Exercise aim =>
Exactly as they appear, output all of the entries.

Stored items from a collection
((

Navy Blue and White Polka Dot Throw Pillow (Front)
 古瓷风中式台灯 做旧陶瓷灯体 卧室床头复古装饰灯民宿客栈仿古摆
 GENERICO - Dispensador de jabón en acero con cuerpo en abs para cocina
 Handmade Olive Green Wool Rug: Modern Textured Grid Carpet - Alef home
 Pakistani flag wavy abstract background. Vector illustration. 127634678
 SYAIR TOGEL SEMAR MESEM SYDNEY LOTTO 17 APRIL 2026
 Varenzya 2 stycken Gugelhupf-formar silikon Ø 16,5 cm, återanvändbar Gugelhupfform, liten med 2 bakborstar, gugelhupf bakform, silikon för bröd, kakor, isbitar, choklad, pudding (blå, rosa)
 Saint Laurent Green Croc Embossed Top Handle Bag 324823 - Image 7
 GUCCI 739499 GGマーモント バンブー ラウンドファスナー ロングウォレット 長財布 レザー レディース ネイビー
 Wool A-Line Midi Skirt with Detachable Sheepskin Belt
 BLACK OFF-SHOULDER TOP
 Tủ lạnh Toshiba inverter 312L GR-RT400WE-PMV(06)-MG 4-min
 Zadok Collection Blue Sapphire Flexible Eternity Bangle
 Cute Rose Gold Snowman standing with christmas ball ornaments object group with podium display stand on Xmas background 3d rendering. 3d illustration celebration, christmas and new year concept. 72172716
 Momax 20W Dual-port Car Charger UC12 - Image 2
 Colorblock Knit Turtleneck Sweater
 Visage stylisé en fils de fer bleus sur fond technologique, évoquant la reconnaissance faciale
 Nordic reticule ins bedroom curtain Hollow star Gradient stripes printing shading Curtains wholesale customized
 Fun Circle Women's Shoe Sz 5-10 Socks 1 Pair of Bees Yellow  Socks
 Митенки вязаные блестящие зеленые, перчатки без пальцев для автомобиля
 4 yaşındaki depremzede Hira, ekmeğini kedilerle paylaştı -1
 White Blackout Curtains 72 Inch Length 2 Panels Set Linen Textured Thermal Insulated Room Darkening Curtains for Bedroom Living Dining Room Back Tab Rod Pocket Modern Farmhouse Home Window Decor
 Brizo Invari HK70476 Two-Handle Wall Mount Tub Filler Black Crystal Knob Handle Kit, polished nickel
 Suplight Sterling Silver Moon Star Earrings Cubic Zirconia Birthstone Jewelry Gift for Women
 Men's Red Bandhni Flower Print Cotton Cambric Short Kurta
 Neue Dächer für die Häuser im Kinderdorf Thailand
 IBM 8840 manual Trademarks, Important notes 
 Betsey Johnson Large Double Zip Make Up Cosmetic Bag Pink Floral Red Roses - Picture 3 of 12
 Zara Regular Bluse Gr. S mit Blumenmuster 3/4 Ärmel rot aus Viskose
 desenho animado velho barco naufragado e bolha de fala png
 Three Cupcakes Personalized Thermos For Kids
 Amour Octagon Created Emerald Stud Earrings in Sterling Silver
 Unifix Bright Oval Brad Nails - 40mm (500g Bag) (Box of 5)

))

Output of the exercise =>
Navy Blue and White Polka Dot Throw Pillow (Front)
 古瓷风中式台灯 做旧陶瓷灯体 卧室床头复古装饰灯民宿客栈仿古摆
 GENERICO - Dispensador de jabón en acero con cuerpo en abs para cocina
 Handmade Olive Green Wool Rug: Modern Textured Grid Carpet - Alef home
 Pakistani flag wavy abstract background. Vector illustration. 127634678
 SYAIR TOGEL SEMAR MESEM SYDNEY LOTTO 17 APRIL 2026
 Varenzya 2 stycken Gugelhupf-formar silikon Ø 16,5 cm, återanvändbar Gugelhupfform, liten med 2 bakborstar, gugelhupf bakform, silikon för bröd, kakor, isbitar, choklad, pudding (blå, rosa)
 Saint Laurent Green Croc Embossed Top Handle Bag 324823 - Image 7
 GUCCI 739499 GGマーモント バンブー ラウンドファスナー ロングウォレット 長財布 レザー レディース ネイビー
 Wool A-Line Midi Skirt with Detachable Sheepskin Belt
 BLACK OFF-SHOULDER TOP
 Tủ lạnh Toshiba inverter 312L GR-RT400WE-PMV(06)-MG 4-min
 Zadok Collection Blue Sapphire Flexible Eternity Bangle
 Cute Rose Gold Snowman standing with christmas ball ornaments object group with podium display stand on Xmas background 3d rendering. 3d illustration celebration, christmas and new year concept. 72172716
 Momax 20W Dual-port Car Charger UC12 - Image 2
 Colorblock Knit Turtleneck Sweater
 Visage stylisé en fils de fer bleus sur fond technologique, évoquant la reconnaissance faciale
 Nordic reticule ins bedroom curtain Hollow star Gradient stripes printing shading Curtains wholesale customized
 Fun Circle Women's Shoe Sz 5-10 Socks 1 Pair of Bees Yellow  Socks
 Митенки вязаные блестящие зеленые, перчатки без пальцев для автомобиля
 4 yaşındaki depremzede Hira, ekmeğini kedilerle paylaştı -1
 White Blackout Curtains 72 Inch Length 2 Panels Set Linen Textured Thermal Insulated Room Darkening Curtains for Bedroom Living Dining Room Back Tab Rod Pocket Modern Farmhouse Home Window Decor
 Brizo Invari HK70476 Two-Handle Wall Mount Tub Filler Black Crystal Knob Handle Kit, polished nickel
 Suplight Sterling Silver Moon Star Earrings Cubic Zirconia Birthstone Jewelry Gift for Women
 Men's Red Bandhni Flower Print Cotton Cambric Short Kurta
 Neue Dächer für die Häuser im Kinderdorf Thailand
 IBM 8840 manual Trademarks, Important notes 
 Betsey Johnson Large Double Zip Make Up Cosmetic Bag Pink Floral Red Roses - Picture 3 of 12
 Zara Regular Bluse Gr. S mit Blumenmuster 3/4 Ärmel rot aus Viskose
 desenho animado velho barco naufragado e bolha de fala png
 Three Cupcakes Personalized Thermos For Kids
 Amour Octagon Created Emerald Stud Earrings in Sterling Silver
 Unifix Bright Oval Brad Nails - 40mm (500g Bag) (Box of 5)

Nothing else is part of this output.